Create a new Claude Code skill for this workflow.
Update CLAUDE.md with this instruction.

They do not say which Claude config folder should change. The assistant may infer ~/.claude, especially because many examples use that default path.

When the task touches hooks, skills, settings, MCP config, or global CLAUDE.md, name the folder:

Add this hook to my Claude Code work profile.
Use this config directory:
~/.claude-work

Do not modify ~/.claude.

For a skill, give the full path:

Create this skill under:
~/.claude-work/skills/my-skill/SKILL.md

Do not create it under ~/.claude/skills.

For a global profile instruction file:

Update the global CLAUDE.md for this Claude Code profile:
~/.claude-work/CLAUDE.md

Do not modify ~/.claude/CLAUDE.md.

For a project CLAUDE.md, use the repository path:

Update the project CLAUDE.md at:
/Users/you/dev/my-repo/CLAUDE.md

Do not update any global Claude Code config file.

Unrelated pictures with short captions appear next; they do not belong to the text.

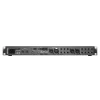 rme-fireface-ufxiii-kmr3_1800x1800-1.webp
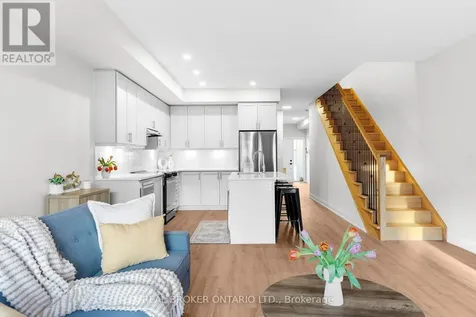96 Sunshine Lane Orillia ON L3V 7L8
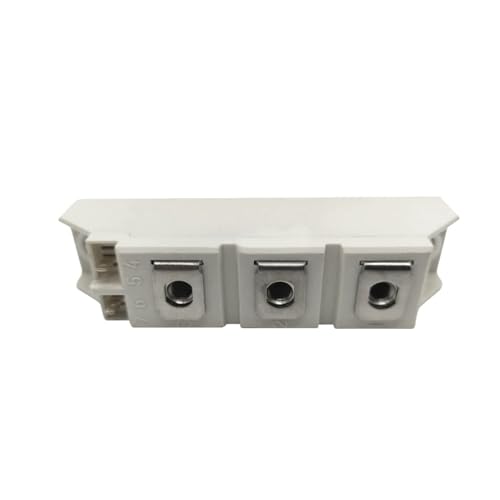 Module thyristor SKKT26-12E pour régulateur de vitesse moteur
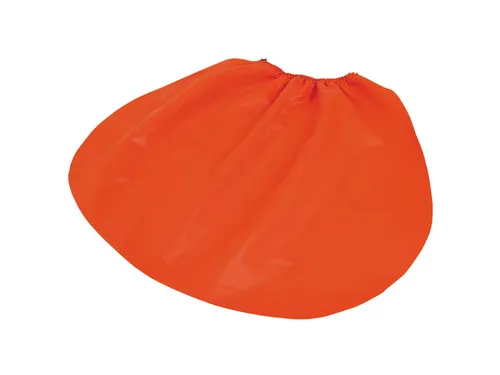 3M Peltor GR3C nekflap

It feels repetitive, but it saves time. The worst version of this bug is when Claude edits a real file successfully, just not the file your active profile reads.

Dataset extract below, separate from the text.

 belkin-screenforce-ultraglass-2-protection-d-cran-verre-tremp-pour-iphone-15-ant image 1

Keep profile files separate by default

I would keep these per profile:

  • credentials and auth state
  • settings.json
  • hooks
  • MCP server config
  • skills
  • account-specific memory

Copy individual files only when they belong in both profiles. A small utility skill might be fine in personal and work. A client-specific MCP server probably is not.

Common mistakes

Installing MCP servers into the wrong profile

This command uses whatever plain claude points to:

claude mcp add context7 -- npx -y @upstash/context7-mcp

For the work profile, run it through the work alias:

claude-work mcp add context7 -- npx -y @upstash/context7-mcp

Then check:

claude-work mcp list

Editing the wrong CLAUDE.md

There are usually two files people mean when they say CLAUDE.md:

  • project instructions: /path/to/repo/CLAUDE.md
  • global profile instructions: ~/.claude-work/CLAUDE.md

Tell Claude Code which one you want.

Forgetting to reload the shell

After editing ~/.zshrc, run:

source ~/.zshrc

or open a new terminal tab.

If claude-work returns command not found, the alias is not loaded in that shell.

References

Final check

Use CLAUDE_CONFIG_DIR when you need multiple Claude Code accounts on the same machine. Make one folder per profile, launch Claude through aliases, verify the folder from inside the session, and name the exact config folder whenever Claude edits hooks, skills, settings, MCP config, or CLAUDE.md.